## Exercise description
None of the images should appear in your copy. Transcribe the data in full.

Supplied entries section start

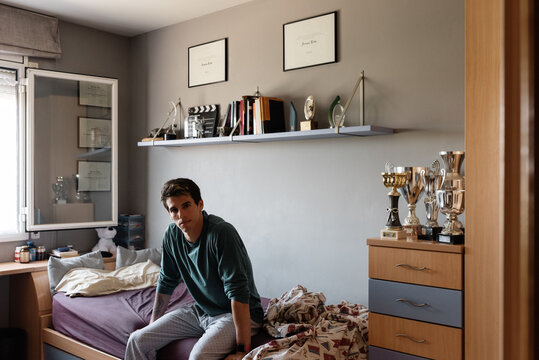 Young sportsman waking up in morning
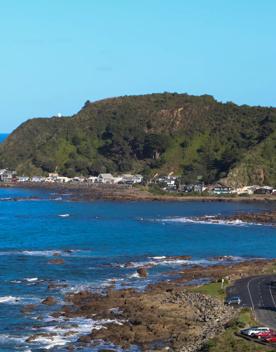 Breaker Bay on a sunny day, blue and green waves crashing on the stoney shore, with green cliffs surrounding.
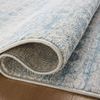 Rolled edge showing binding and underside weave of Kamala Sky Dove rug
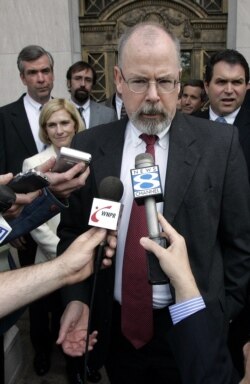 FILE - John Durham speaks to reporters at the U.S. District Court in New Haven, Conn., April 25, 2006.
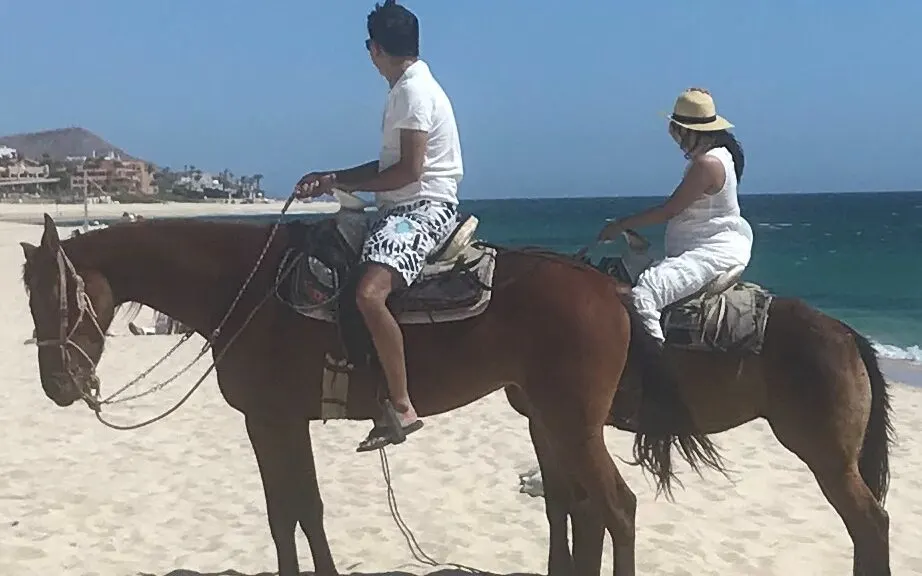 Imagen de una pareja montando a caballo en la playa.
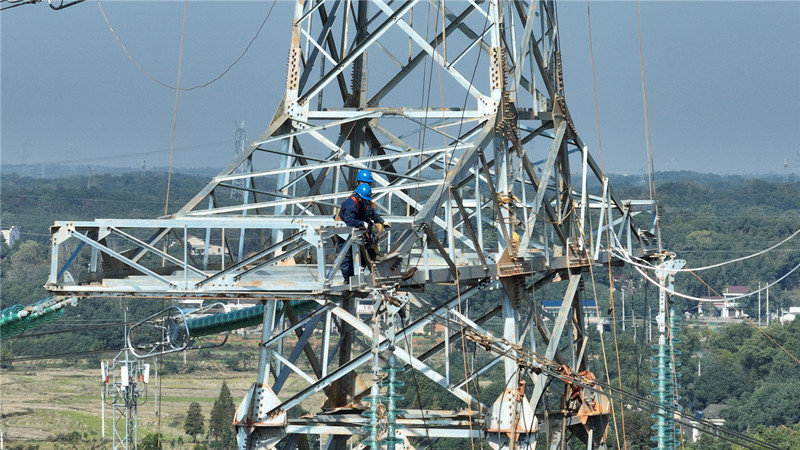 国网湖南送变电公司员工在益阳东500千伏变电站配套线路工程D18号施工现场进行紧挂线工作，全力推进工程建设。受访单位供图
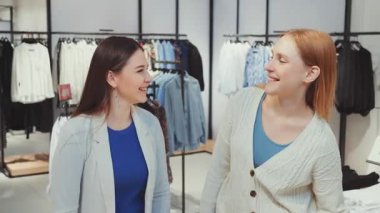 Başarılı bir alışveriş gezisinden sonra elinde renkli alışveriş çantaları tutan iki kadın, modern giyim mağazasında perakende terapinin keyfini çıkarıyorlar.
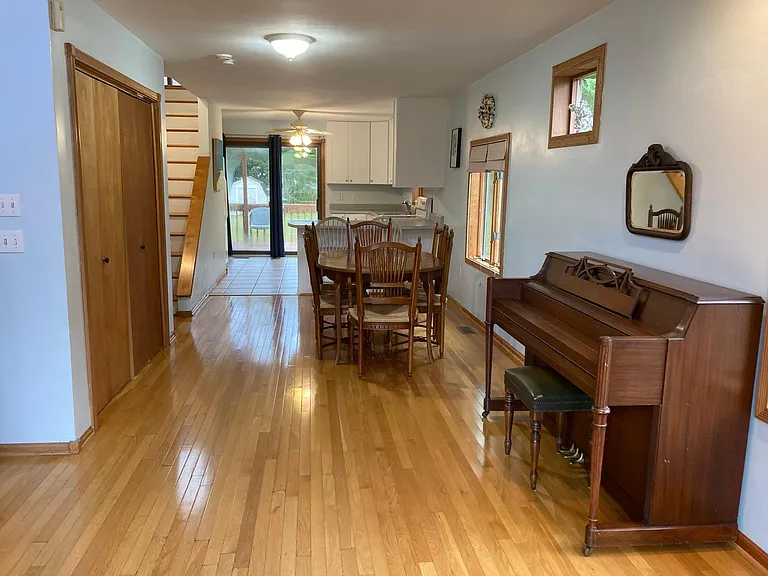 Entrance, facing the dining room and kitchen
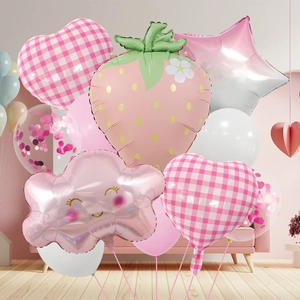 Detailed view of strawberry and heart foil balloons in a soft pink picnic party set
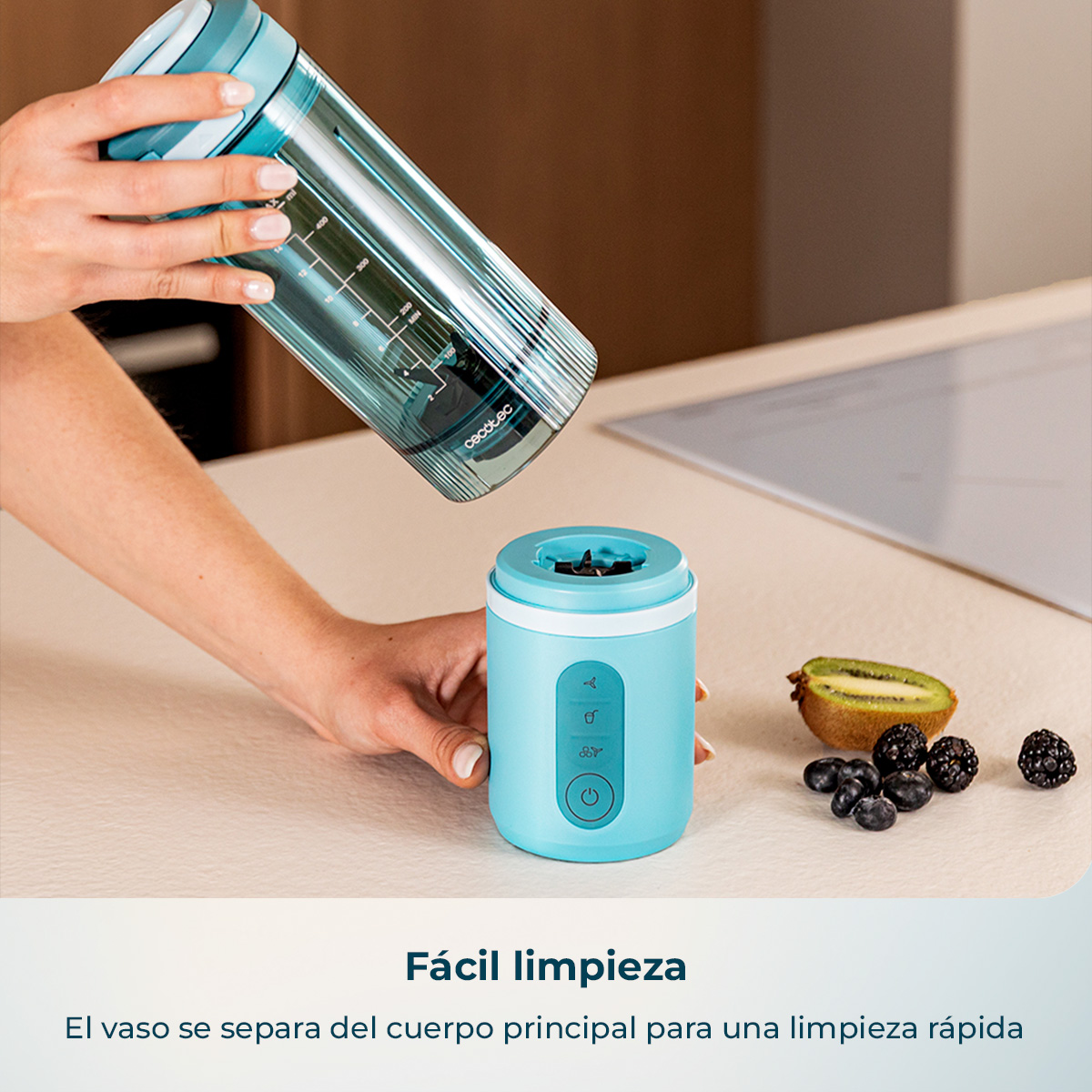 Una persona separa el vaso mezclador azul de la base en una encimera junto a kiwi y moras.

Supplied entries section end

## Final answer
 Young sportsman waking up in morning
 Breaker Bay on a sunny day, blue and green waves crashing on the stoney shore, with green cliffs surrounding.
 Rolled edge showing binding and underside weave of Kamala Sky Dove rug
 FILE - John Durham speaks to reporters at the U.S. District Court in New Haven, Conn., April 25, 2006.
 Imagen de una pareja montando a caballo en la playa.
 国网湖南送变电公司员工在益阳东500千伏变电站配套线路工程D18号施工现场进行紧挂线工作，全力推进工程建设。受访单位供图
 Başarılı bir alışveriş gezisinden sonra elinde renkli alışveriş çantaları tutan iki kadın, modern giyim mağazasında perakende terapinin keyfini çıkarıyorlar.
 Entrance, facing the dining room and kitchen
 Detailed view of strawberry and heart foil balloons in a soft pink picnic party set
 Una persona separa el vaso mezclador azul de la base en una encimera junto a kiwi y moras.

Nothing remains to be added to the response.